What you return must match the listing below character for character, minus any pictures.

Source material: Begin

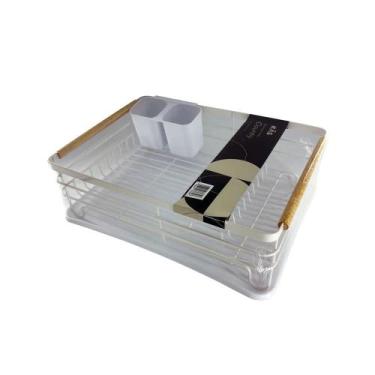 Imagem de Escorredor de Pratos Kas Country Branco, UNICA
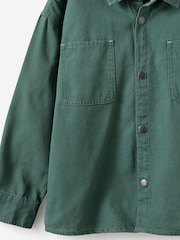 Cotton On Green Cooper Overshirt - Image 5 of 5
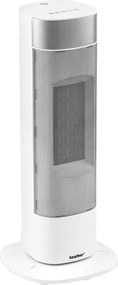 Alizee elektromos hűtő-fűtő oszlopventilátor 1000W / 2000W króm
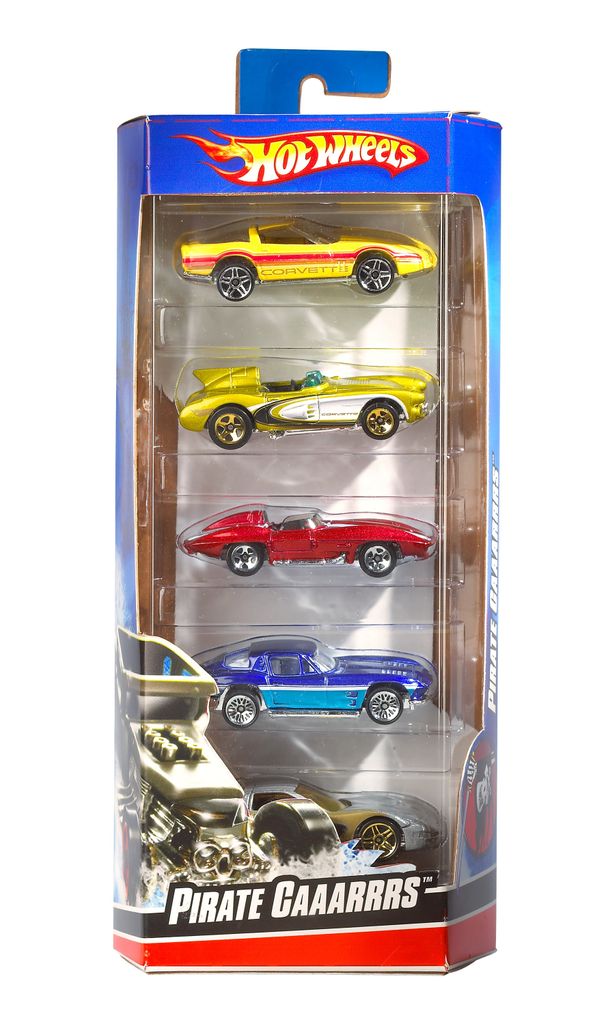 Hot Wheels 5er Geschenkset Sortiment (rollierend) Produktbild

Source material: End

— Final answer —
 Imagem de Escorredor de Pratos Kas Country Branco, UNICA
 Cotton On Green Cooper Overshirt - Image 5 of 5
 Alizee elektromos hűtő-fűtő oszlopventilátor 1000W / 2000W króm
 Hot Wheels 5er Geschenkset Sortiment (rollierend) Produktbild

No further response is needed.